• Goal of the exercise:
Return each line of the material below exactly. Begin at the first and end on the line with "Kettingaandrijving, oliepomp aandrijving".
====================
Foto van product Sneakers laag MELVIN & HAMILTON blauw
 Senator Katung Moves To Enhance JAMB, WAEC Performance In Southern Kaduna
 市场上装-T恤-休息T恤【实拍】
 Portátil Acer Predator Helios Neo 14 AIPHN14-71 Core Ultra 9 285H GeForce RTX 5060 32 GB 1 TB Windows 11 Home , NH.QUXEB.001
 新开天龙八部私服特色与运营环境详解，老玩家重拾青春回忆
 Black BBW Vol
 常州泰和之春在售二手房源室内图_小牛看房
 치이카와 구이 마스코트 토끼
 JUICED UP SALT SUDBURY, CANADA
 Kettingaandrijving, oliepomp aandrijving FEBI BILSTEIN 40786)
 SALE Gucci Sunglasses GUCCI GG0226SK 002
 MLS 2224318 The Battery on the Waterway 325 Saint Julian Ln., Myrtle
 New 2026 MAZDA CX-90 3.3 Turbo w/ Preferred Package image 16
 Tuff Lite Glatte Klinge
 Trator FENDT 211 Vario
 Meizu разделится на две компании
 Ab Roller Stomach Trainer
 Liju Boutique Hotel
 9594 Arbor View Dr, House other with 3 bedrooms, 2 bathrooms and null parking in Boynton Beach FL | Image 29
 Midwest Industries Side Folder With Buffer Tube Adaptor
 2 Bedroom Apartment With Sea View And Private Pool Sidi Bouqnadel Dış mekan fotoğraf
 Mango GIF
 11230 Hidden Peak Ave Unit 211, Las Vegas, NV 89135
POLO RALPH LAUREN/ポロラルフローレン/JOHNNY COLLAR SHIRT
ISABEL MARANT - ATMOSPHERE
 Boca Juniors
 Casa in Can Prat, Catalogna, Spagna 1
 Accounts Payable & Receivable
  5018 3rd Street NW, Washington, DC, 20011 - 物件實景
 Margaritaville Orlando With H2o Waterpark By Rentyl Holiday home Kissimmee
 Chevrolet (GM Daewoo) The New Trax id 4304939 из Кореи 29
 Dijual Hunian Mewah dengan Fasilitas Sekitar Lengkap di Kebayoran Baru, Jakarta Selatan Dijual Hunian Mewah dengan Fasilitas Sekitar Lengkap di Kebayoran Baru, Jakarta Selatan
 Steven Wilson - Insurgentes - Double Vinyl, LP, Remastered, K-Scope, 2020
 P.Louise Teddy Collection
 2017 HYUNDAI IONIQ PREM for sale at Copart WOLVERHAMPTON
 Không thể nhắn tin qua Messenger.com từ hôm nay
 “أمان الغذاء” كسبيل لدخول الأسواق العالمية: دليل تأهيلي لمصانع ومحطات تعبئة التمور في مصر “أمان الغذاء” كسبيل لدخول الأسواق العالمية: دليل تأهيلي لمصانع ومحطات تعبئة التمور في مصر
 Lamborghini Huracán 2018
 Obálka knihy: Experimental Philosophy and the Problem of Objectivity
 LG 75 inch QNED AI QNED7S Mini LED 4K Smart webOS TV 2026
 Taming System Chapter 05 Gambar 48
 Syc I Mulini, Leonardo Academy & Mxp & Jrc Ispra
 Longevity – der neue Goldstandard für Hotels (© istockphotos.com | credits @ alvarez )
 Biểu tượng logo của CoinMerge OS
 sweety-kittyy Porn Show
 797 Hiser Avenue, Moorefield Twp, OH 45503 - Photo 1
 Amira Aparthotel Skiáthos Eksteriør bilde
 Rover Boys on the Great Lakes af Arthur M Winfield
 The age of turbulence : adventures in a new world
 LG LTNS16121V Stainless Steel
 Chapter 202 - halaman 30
====================
• Task output:
Foto van product Sneakers laag MELVIN & HAMILTON blauw
 Senator Katung Moves To Enhance JAMB, WAEC Performance In Southern Kaduna
 市场上装-T恤-休息T恤【实拍】
 Portátil Acer Predator Helios Neo 14 AIPHN14-71 Core Ultra 9 285H GeForce RTX 5060 32 GB 1 TB Windows 11 Home , NH.QUXEB.001
 新开天龙八部私服特色与运营环境详解，老玩家重拾青春回忆
 Black BBW Vol
 常州泰和之春在售二手房源室内图_小牛看房
 치이카와 구이 마스코트 토끼
 JUICED UP SALT SUDBURY, CANADA
 Kettingaandrijving, oliepomp aandrijving FEBI BILSTEIN 40786)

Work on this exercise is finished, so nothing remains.